(This is only semi-frivolous.)

When you have categorical data, and you want to encode it numerically for a numerical algorithm, there is no justification for using integers. That would be saying that e.g. category 0 is closer to category 1 than to category 4. It’s ok with a binary variable, even if conceptually it is categorical, because 0 and 1 (or -1 and 1 if you prefer) are equidistant from each other. But with three points, there are no 3 real numbers which are all equidistant from each other.

The standard solution is one-hot encoding (also known as “1-of-*k*”
encoding): a vector of length *n*, with zeros in all places but one
(and a one in that). The location indicates the category. Think of
this as a projection into *n*-dimensional space. All the points are
now 1 unit from the origin along the positive axes, and all are
equidistant, in that space.

Example: suppose the categories are red, green and blue. We encode using three binary variables like this:

```
v1 v2 v3
Red 1 0 0
Green 0 1 0
Blue 0 0 1
```

Aside: one-hot encoding leads to *sparse* variables.
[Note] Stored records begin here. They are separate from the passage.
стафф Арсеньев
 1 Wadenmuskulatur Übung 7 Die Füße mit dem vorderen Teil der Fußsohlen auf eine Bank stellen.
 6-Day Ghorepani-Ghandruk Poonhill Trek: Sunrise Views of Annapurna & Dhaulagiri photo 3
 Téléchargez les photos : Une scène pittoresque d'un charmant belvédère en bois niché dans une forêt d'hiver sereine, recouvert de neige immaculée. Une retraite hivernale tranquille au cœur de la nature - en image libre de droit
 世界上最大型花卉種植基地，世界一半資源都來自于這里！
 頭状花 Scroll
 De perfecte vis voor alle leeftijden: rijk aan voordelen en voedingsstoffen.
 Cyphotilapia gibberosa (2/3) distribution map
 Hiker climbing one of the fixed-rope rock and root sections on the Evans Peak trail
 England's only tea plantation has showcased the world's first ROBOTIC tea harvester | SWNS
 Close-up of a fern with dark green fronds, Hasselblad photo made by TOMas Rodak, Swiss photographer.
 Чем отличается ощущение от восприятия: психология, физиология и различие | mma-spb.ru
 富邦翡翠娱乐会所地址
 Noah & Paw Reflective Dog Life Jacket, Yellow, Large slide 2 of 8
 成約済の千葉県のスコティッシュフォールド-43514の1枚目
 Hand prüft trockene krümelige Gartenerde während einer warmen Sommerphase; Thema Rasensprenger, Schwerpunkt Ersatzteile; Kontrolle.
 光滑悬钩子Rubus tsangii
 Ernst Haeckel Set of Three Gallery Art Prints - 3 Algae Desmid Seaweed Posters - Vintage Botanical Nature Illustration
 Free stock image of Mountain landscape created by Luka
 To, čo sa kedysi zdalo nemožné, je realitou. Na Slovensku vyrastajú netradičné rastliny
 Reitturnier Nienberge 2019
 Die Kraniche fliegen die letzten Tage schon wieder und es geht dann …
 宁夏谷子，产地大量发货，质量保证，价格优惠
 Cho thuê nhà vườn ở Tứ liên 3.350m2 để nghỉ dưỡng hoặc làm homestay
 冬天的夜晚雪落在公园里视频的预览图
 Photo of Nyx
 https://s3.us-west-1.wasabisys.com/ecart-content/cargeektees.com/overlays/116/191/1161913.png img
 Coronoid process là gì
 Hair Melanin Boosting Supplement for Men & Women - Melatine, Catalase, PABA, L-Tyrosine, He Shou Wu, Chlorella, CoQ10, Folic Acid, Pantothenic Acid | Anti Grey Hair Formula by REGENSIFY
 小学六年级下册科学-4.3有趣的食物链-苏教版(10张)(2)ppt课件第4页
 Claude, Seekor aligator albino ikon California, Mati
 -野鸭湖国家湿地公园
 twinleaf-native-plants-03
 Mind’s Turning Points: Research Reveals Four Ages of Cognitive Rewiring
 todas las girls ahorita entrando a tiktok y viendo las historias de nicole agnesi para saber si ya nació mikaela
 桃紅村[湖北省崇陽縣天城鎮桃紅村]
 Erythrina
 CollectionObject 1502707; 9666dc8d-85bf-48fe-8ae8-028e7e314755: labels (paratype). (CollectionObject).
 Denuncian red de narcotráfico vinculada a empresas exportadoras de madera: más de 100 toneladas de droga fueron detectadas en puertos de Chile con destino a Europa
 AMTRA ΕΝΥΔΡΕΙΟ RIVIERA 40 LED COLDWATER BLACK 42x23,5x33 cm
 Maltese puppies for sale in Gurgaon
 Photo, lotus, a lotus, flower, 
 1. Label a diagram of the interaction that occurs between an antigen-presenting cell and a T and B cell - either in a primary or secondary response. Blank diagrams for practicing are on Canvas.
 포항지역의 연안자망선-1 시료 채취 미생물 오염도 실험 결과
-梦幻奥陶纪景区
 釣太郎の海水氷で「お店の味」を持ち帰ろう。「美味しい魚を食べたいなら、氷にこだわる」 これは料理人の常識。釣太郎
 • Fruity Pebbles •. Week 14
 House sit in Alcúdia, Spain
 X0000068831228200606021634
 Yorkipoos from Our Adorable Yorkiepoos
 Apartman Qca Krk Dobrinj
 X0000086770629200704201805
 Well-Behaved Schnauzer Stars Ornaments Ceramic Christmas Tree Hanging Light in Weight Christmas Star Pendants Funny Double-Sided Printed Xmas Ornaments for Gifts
But you don’t need *n* dimensions: you only need *n-1*! If you have
two categories, you can use real numbers -1 and 1. That is one
dimension. If you have three categories, you can represent them
equidistantly using two numbers. Think of them as the complex cube
roots of 1. Complex numbers live in a two-dimensional plane:

Using the same example again, see how we now only need two variables:

```
v1 v2
Red 1 0
Green -1/2 sqrt(3)/2
Blue -1/2 -sqrt(3)/2
```

If you have four categories, think of four points equidistant on a
(3D) sphere, and so on. In general, let’s call this the *spherical
encoding* of categories. If you have *n* categories, then they are
represented as *n* equidistant points on the surface of a hypersphere
of dimension *n-1*.

Advantage: compared to the one-hot encoding, you have one fewer variable! The curse of dimensionality becomes a less offensive swearword, like “feck” for example, instead of that other one (you know the one I mean).

Disadvantage: your model will be a lot harder to explain to your manager/customer/supervisor!

Empirical questions to be investigated: which algorithms perform differently with this encoding? Should you normalise all the variables independently?

Question regarding previous work to be investigated: has anyone tried this?